What I’ve learned about working remotely:
- Have your own dedicated office space. Working from the couch in your living room where the kids play just isn’t productive. Thankfully I’m not a couch-working type of guy.
- Try to dress the part. While working remotely is stereotyped as working in your boxers, I wouldn’t advise it. When you dress lazy, you tend to work the same way.
- Get a good webcam and decent internet connection. You’ll want to video conference at least once a day to stay in the loop.
- If your main office doesn’t proactively try to support you working remotely, you’ll be the most miserable person in the group. I cannot emphasis this enough. Finding out about new hires, big features and news releases the day of isn’t enjoyable.

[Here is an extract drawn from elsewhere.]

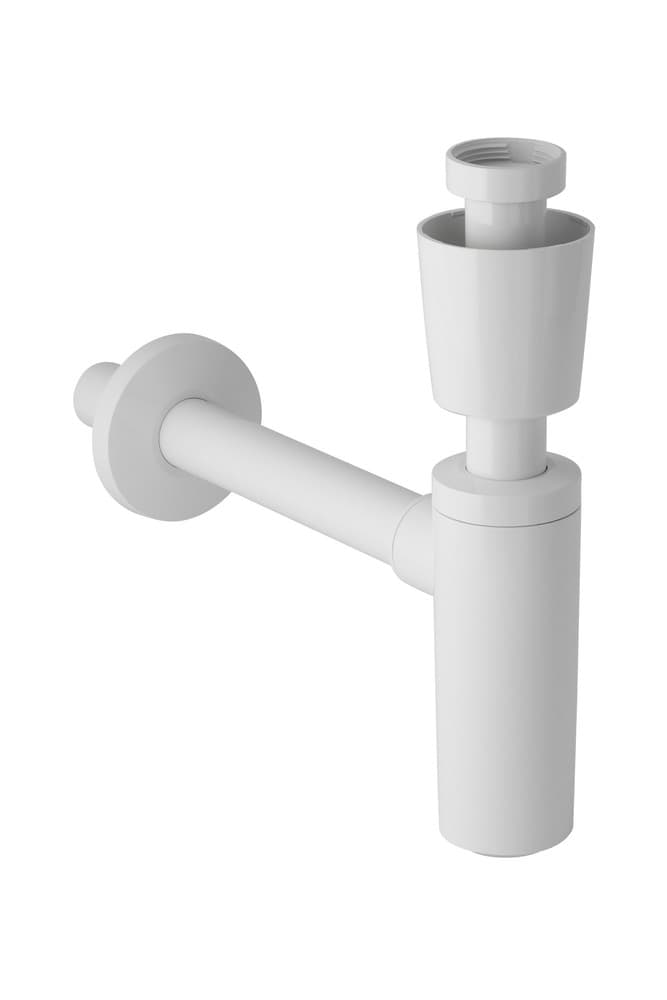Geberit siphon pour lavabo 5/4" D 32 mm garde d'eau 75 mm matière synthétique blanc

What I’ve learned about managing employees remotely:
- Following along with the last bullet point, you need to keep your employees in the loop just as much as you expect your team you work with to keep you in the loop. If you do not, they’ll either feel like they are not part of the team, or they’ll ask around the main office until they get in the loop. I’ve learned this point the hard way.
- Constant contact. You need to communicate with your team as much as possible throughout the day. This is something I still struggle with (terrible memory), but I know that things run much more smoothly when you talk as often as possible. This is the equivalent of stopping by their cube and asking how things are going
- That I don’t know all of the answers to this yet. I’m still finding ways to improve as I go.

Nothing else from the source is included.